Instead of helping us understand the significance of floating point error, the zero-stripping function exacerbates this problem by removing a number’s trailing significant digits without regard for their importance in describing the number’s certainty! If somebody hands me the number 5.00000000000000, I have much more confidence in the tightness of the error interval representing it than if 5.0 was given to me instead. 5.0 could originally have been an exact integer, a relatively inaccurate single-precision floating point (7 significant digits), double-precision (16 significant decision), or an exotic floating-point representation.

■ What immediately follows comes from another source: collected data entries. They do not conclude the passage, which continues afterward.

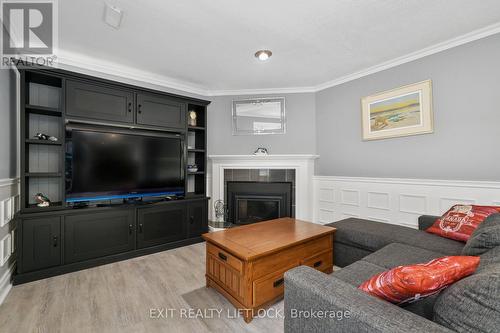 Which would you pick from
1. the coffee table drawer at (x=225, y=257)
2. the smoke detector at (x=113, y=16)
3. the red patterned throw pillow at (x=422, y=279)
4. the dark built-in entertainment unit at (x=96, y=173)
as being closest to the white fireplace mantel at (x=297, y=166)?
the dark built-in entertainment unit at (x=96, y=173)

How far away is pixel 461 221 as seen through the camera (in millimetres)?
2010

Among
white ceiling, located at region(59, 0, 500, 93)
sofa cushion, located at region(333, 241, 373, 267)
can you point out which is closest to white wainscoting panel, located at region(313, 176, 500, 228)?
sofa cushion, located at region(333, 241, 373, 267)

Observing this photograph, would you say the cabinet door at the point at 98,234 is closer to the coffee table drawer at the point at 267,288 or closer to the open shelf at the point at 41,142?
the open shelf at the point at 41,142

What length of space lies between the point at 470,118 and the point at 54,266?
4.65m

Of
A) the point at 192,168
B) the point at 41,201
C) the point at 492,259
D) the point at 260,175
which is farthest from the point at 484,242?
the point at 41,201

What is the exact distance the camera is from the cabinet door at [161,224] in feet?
9.65

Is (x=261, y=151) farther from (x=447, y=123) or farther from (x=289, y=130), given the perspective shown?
(x=447, y=123)

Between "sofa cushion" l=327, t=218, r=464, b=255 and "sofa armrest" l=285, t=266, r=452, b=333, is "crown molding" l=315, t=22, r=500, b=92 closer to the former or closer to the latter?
"sofa cushion" l=327, t=218, r=464, b=255

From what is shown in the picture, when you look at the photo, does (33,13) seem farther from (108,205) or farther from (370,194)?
(370,194)

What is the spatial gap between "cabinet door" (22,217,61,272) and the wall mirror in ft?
9.17

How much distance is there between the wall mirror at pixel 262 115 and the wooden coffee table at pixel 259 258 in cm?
203

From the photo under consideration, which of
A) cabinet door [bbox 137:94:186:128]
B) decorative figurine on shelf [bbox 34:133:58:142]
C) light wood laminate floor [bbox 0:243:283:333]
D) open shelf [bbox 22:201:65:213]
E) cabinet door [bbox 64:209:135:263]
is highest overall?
cabinet door [bbox 137:94:186:128]

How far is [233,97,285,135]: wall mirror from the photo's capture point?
3.93 meters

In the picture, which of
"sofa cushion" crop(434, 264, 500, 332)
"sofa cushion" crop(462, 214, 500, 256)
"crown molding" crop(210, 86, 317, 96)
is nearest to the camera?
"sofa cushion" crop(434, 264, 500, 332) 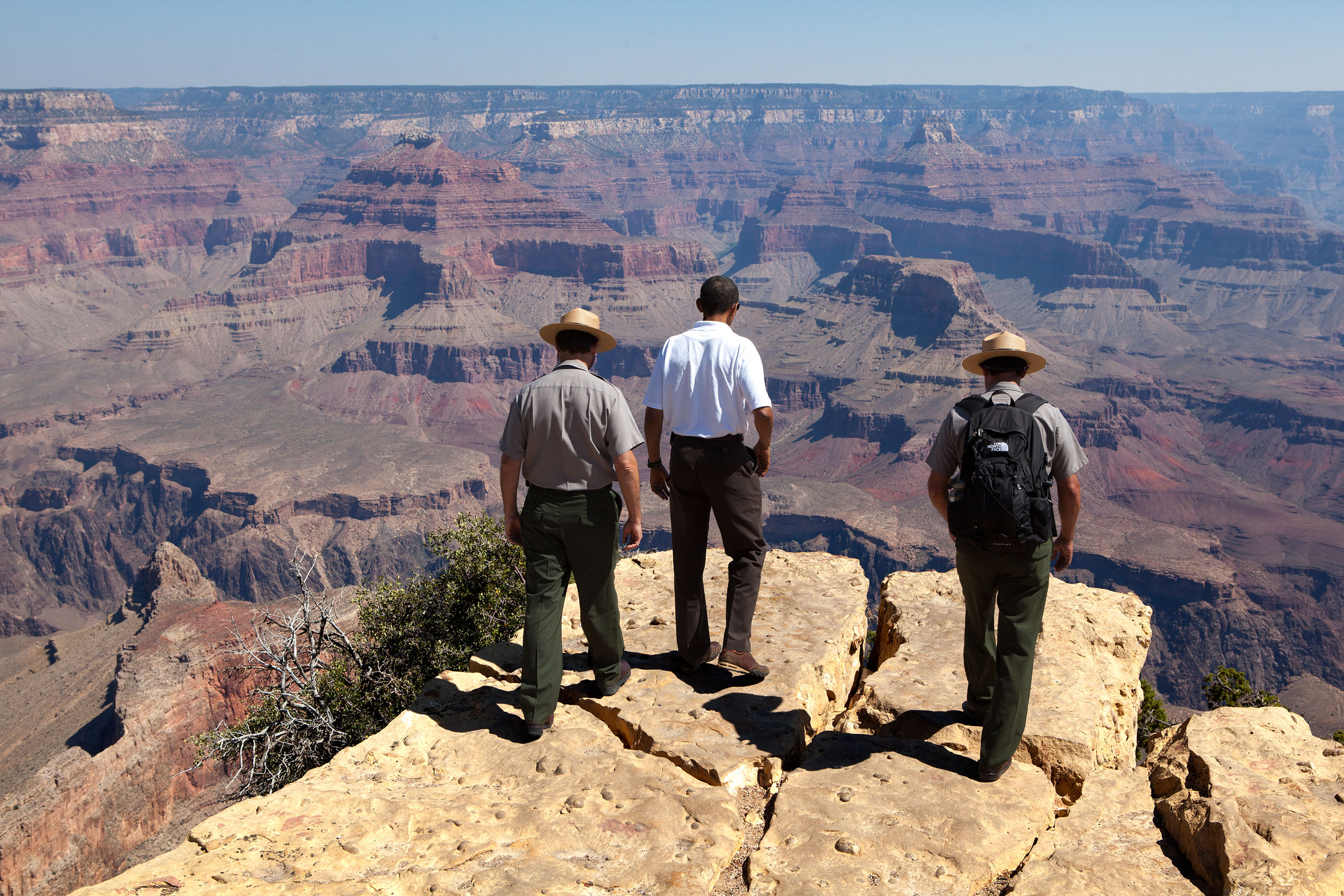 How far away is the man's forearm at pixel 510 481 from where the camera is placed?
23.6 ft

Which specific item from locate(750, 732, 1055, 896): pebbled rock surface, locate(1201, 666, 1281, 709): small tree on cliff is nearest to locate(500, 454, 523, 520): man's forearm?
locate(750, 732, 1055, 896): pebbled rock surface

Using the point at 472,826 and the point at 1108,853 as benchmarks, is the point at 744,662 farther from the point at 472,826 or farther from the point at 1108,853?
the point at 1108,853

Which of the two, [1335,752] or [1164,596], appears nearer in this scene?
[1335,752]

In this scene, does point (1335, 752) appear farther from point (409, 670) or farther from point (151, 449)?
point (151, 449)

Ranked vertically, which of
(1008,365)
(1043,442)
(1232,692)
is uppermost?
(1008,365)

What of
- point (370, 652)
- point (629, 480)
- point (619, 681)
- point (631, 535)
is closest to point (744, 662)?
point (619, 681)

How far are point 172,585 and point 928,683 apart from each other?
48.7 metres

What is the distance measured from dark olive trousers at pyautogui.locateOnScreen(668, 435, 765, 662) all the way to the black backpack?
181cm

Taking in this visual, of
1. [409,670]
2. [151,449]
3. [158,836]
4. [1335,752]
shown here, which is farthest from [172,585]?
[151,449]

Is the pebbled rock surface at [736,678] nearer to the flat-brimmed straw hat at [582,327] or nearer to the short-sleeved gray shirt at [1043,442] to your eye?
the short-sleeved gray shirt at [1043,442]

I just realized that the MATLAB function MAT2STR is doing this job already.
Aron-
As for your point teaching folks about floating point, that was NOT the goal of the exercise. If you are trying to write the shortest file, removing excessive zeros is helpful. So it all depends on the goal. This goal was writing out values in text that could be read back and reproduce the original values.
–Loren
Muktar-
Thanks for pointing out mat2str. Although it preserves the precision, it does not strip trailing zeros, but leaving at least one decimal place, so a slightly different way to go about the task. It also switched to scientific notation with exponents in some cases which was not appropriate for Rob’s original application.
e.g.
>> mat2str(5.0)
ans =
5
>> x = pi / 1000000;
>> mat2str(x)
ans =
3.14159265358979e-06
>> sprintf(‘%.*f’, ceil(-log10(eps(x))), x)
ans =
0.0000031415926535897933
–Loren
Mukhtar -
Thank you for bringing up the case of 1/10. It’s a nice example because both of the following strings, 0.1 (obtained using floor) and 0.10000000000000001 (obtained using ceil), convert back to the same floating point number.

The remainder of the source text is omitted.